最后一页上,有着带泪泛红的血字。还有一句话,大概是留给郁秋芜的。
——姑娘。我知道你不是我的秋芜。所以我走了,别怪我。东西都留给你,可以随便给郁珩一个解释。
看完,只有久久的沈默。
最后郁秋芜破涕为笑。“什么啊……原来她知道我不是她女儿。可是……可我确实也是她女儿啊。”
“我一直以为她是追星,单纯喜欢电影,我还去出演了角色,其实是想让她多看我一眼……结果她只是爱她。”
卫浅颂心情也有些覆杂。
她只能搂紧郁秋芜,一时间也不知道该说什么。
郁庭雪只是去找她的爱人了。她甚至足够坚强,在没有爱人的世界生活了数十年,只是为了把郁秋芜养大。
卫浅颂无法想象。如果有一天郁秋芜又穿回原来的世界,她该怎么办?
或许她也会专註于找郁秋芜。郁珩会被她丢给家裏人。
扪心自问,她不一定会比郁庭雪做得好。
没有爱人的世界,多呆一天都是折磨。
郁秋芜也是这么想。
“我不怪她了。她只是……去找她爱的人了。”
哪怕事实上郁庭雪就是把女儿和孙女丢下了,不辞而别。
“那可不行。至少她应该告知你一声。”卫浅颂嘆息一声。
郁庭雪再有苦衷,和她也没有关系。
她心疼郁秋芜。新世界,本该有新的开始,可郁庭雪又让郁秋芜经历了一次亲情上的破灭。
那种反覆被伤害的痛苦,可不是一句她有苦衷就能抵消的。
“没事了。我们回去吧。”
回程,郁秋芜又搜了下游清秋,她在这个世界的另一个妈妈。
然后她才懂了为什么郁庭雪桌上会有半碗面和半个蛋糕。
昨天是游清秋的生日。
***
疲惫的回到家,两个人洗了澡,把风尘都融入水流,然后冲走。
郁秋芜依偎在卫浅颂怀裏。
现在她只有她了。
郁秋芜颤了颤睫毛,抱的更紧一些。
她们现在还没有领证,甚至都算不上合法妻妻。
哪怕在原世界交往了四年,她们的关系也还只能用女朋友这个词。
女朋友,随时有可能分手,多脆弱的称呼。
郁秋芜有些不甘心。
她不断的想着眼前的人,想着她的一切。
想着她唯一的眷恋,唯一的支柱。
她想拥有她。

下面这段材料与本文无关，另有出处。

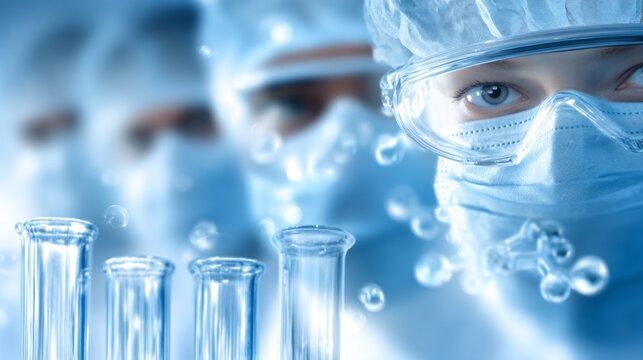 A group of dedicated scientists in protective masks and goggles focuses intently on their work. They stand ready with test tubes in a modern lab, highlighting their commitment to research and safety - Powered by Adobe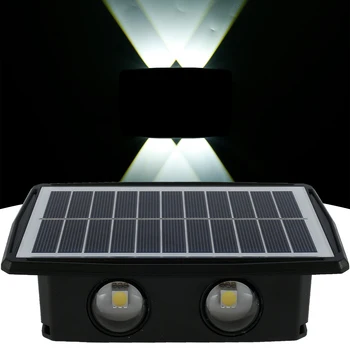 4 светодиодных солнечных настенных светильника, солнечное свечение Вверх и вниз, огни во дворе, IP65 Водонепроницаемый RGB Солнечный забор, ландшафтные светильники для сада 2023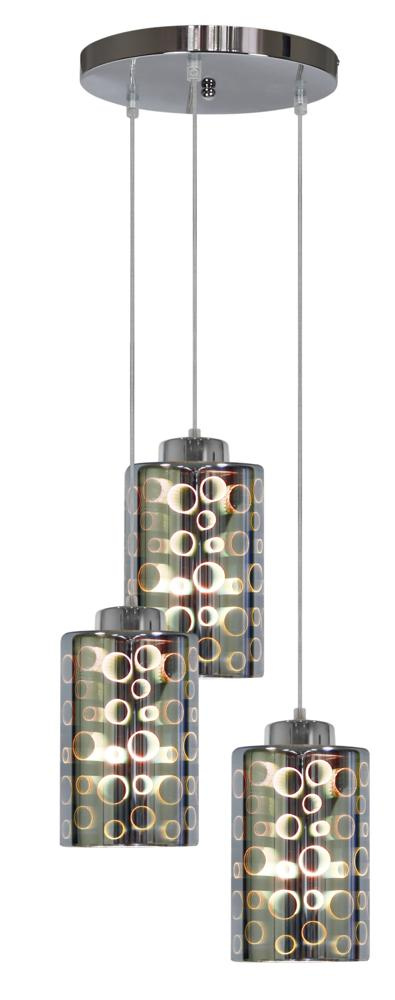 Lampa wisząca Nocturno szklane klosze 3D potrójna do salonu 3xE27 chrom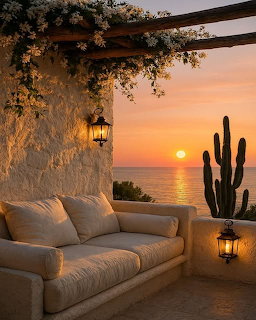 Stone terrace with beige sofa and lanterns overlooking ocean sunset with cactus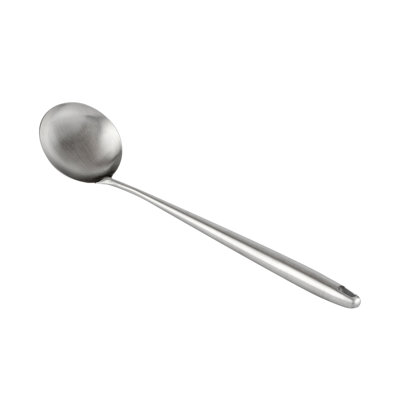 Ustensile de cuisine en acier inoxydable pour wok de 1 poche de 17 pouces de long, résistant à la chaleur, résistant à la chaleur et au lave-vaisselle, outil de cuisine argenté pour sauces et soupes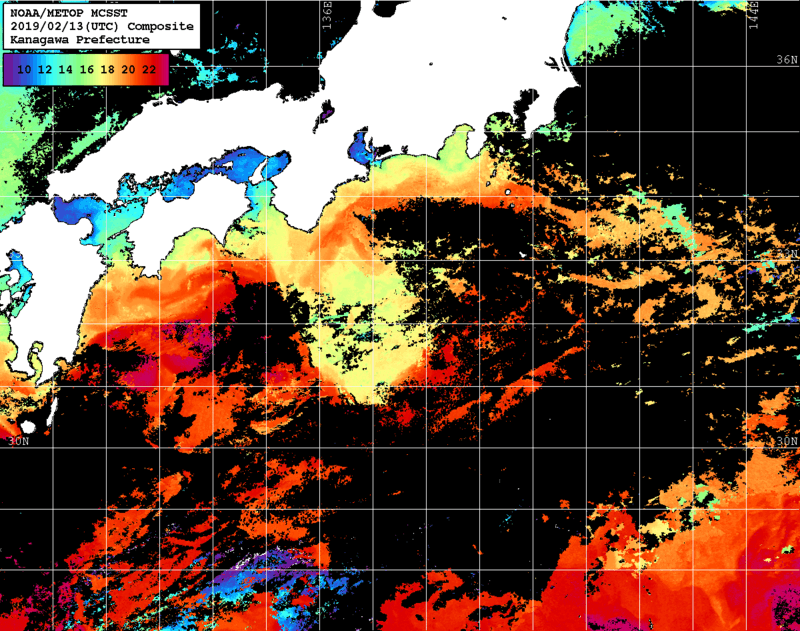 NOAA、MetOp 人工衛星画像 検索結果, 水温分布を図示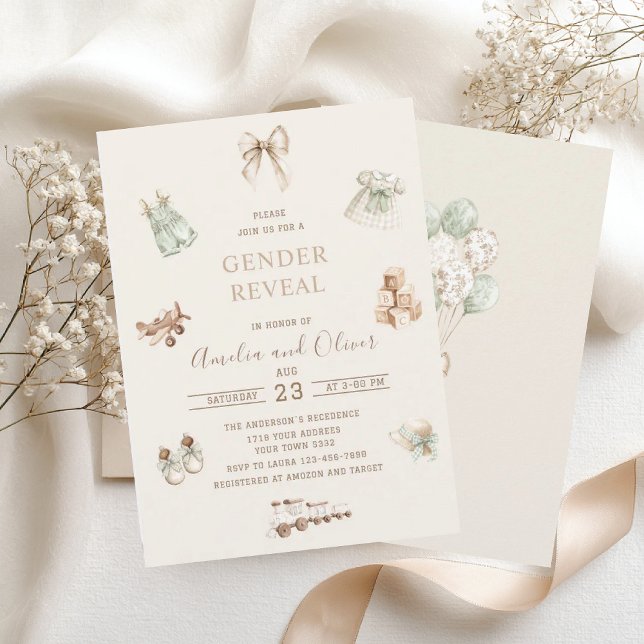 Convites Watercolor Boho Nursery gender reveal  baby shower (Criador carregado)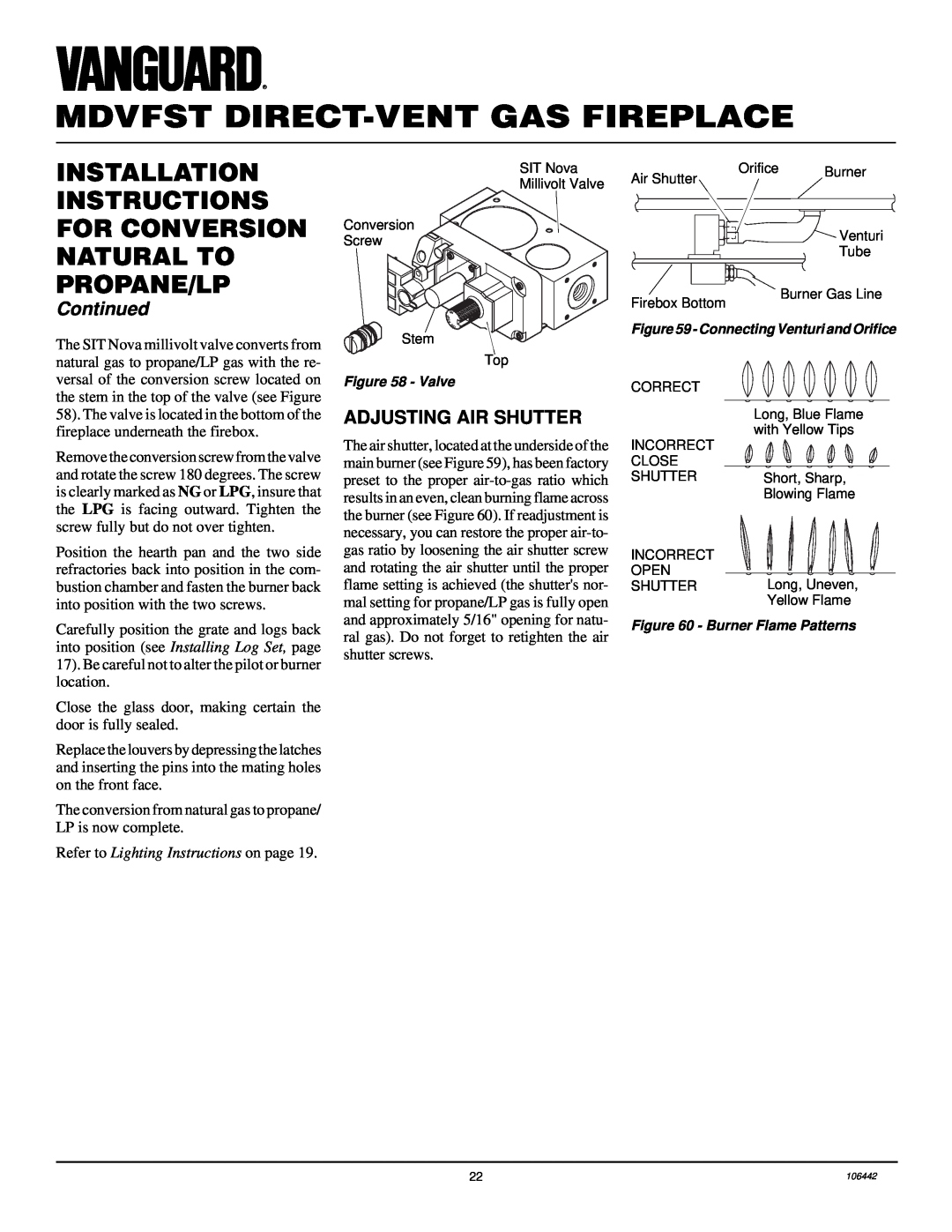 Desa MDVFST Installation Instructions, For Conversion Natural To Propane/Lp, Adjusting Air Shutter, Continued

从很早以前开始,就这么想了。
或许是大学的那四年,看她被评上系花,看她被认识的不认识的男生女生表白的时候。
或许是重逢的第一眼,看见这如瓷器似的脆弱美好的她的时候。
或许是再见,借着朋友的朋友这层关系去试探着接近她的时候……
她想把卫浅颂关在身边,用绳子把她和自己捆在一起。
她想卫浅颂眼裏只有她一个人,心裏只有她一个人。
她想卫浅颂健康,可又更想看她虚弱着,只能依赖自己的模样。
她想把自己装进卫浅颂那颗小小的心臟,她想把自己融进卫浅颂的血液,她想化为营养进入卫浅颂的头脑,和她永远永远,再也不可能分开。